In some embodiments, the wake-up packet includes second group number information. The step (step S3) of detecting whether the wake-up packet meets the preset condition includes: detecting whether the wake-up packet matches the device. The step of detecting whether the wake-up packet matches the device includes: detecting whether the second group number information of the wake-up packet matches the first group number information of the device. If the second group number information of the wake-up packet matches the first group number information of the device, it means that the wake-up packet meets the preset condition. Otherwise, if the second group number information of the wake-up packet does not match the first group number information of the device, it means that the wake-up packet does not meet the preset condition.
In some embodiments, the step of detecting whether the wake-up packet matches the device further includes: detecting whether the second group number information of the wake-up packet matches the preset group number information. If the second group number information of the wake-up packet matches the preset group number information, it means that the wake-up packet meets the preset condition. Otherwise, if the second group number information of the wake-up packet does not match the preset group number information, it means that the wake-up packet does not meet the preset condition. Whether the wake-up packet matches the device may also be detected in such a manner.
In some embodiments, the weights of the preset group number information and the first group number information may also be set respectively, and whether the wake-up packet matches the device is comprehensively detected based on the preset group number information and the first group number information.
If the wake-up packet does not meet the preset condition, step S5 of controlling the device to go to sleep is executed. If the wake-up packet meets the preset condition, step S4 of controlling the device to open a third receipt time window, receive communication information, and process the communication information is executed, and after communication information processing is completed, step S5 of controlling the device to go to sleep is executed. In the present disclosure, by detecting whether the wake-up packet meets the preset condition, the probability of a false wake-up of the device can be further reduced, and the false wake-up power consumption of the device can be further reduced.
In sub-step S41, the device is controlled to open a third receipt time window and receive communication information, where the third receipt time window is longer than the second receipt time window and is generally of the order of seconds(s).
In sub-step S42, the communication information is demodulated, and cyclic redundancy check (CRC) verification is performed on the communication information.

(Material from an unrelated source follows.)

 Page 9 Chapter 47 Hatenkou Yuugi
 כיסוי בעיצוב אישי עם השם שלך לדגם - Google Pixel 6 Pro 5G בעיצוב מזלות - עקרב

In sub-step S43, whether the communication information passes the CRC verification is determined. If the communication information passes the CRC verification, sub-step S44 of performing a decryption check on the communication information is executed. If the communication information fails the CRC verification, sub-step S47 of controlling the device to go to sleep is executed.
In sub-step S45, whether the communication information passes the decryption check is determined. If the communication information passes the decryption check, sub-step S46 of demodulating payload information and executing a communication instruction is executed, and sub-step S47 of controlling the device to go to sleep is executed after the communication instruction is executed. If the communication information fails the decryption check, sub-step S47 of controlling the device to go to sleep is executed.
The sub-steps of step S4 are described above. As can be seen, the device wakes up only when the communication information passes both the CRC verification and the decryption check. If the communication information fails the CRC verification or fails the decryption check, the device does not wake up and remains asleep. In the present disclosure, by receiving and processing the communication information, the probability of false wake-up of the device can be further reduced, and the false wake-up power consumption of the device can be further reduced; by performing the CRC verification and the decryption check on the communication information, the wake-up success rate of the device can be improved.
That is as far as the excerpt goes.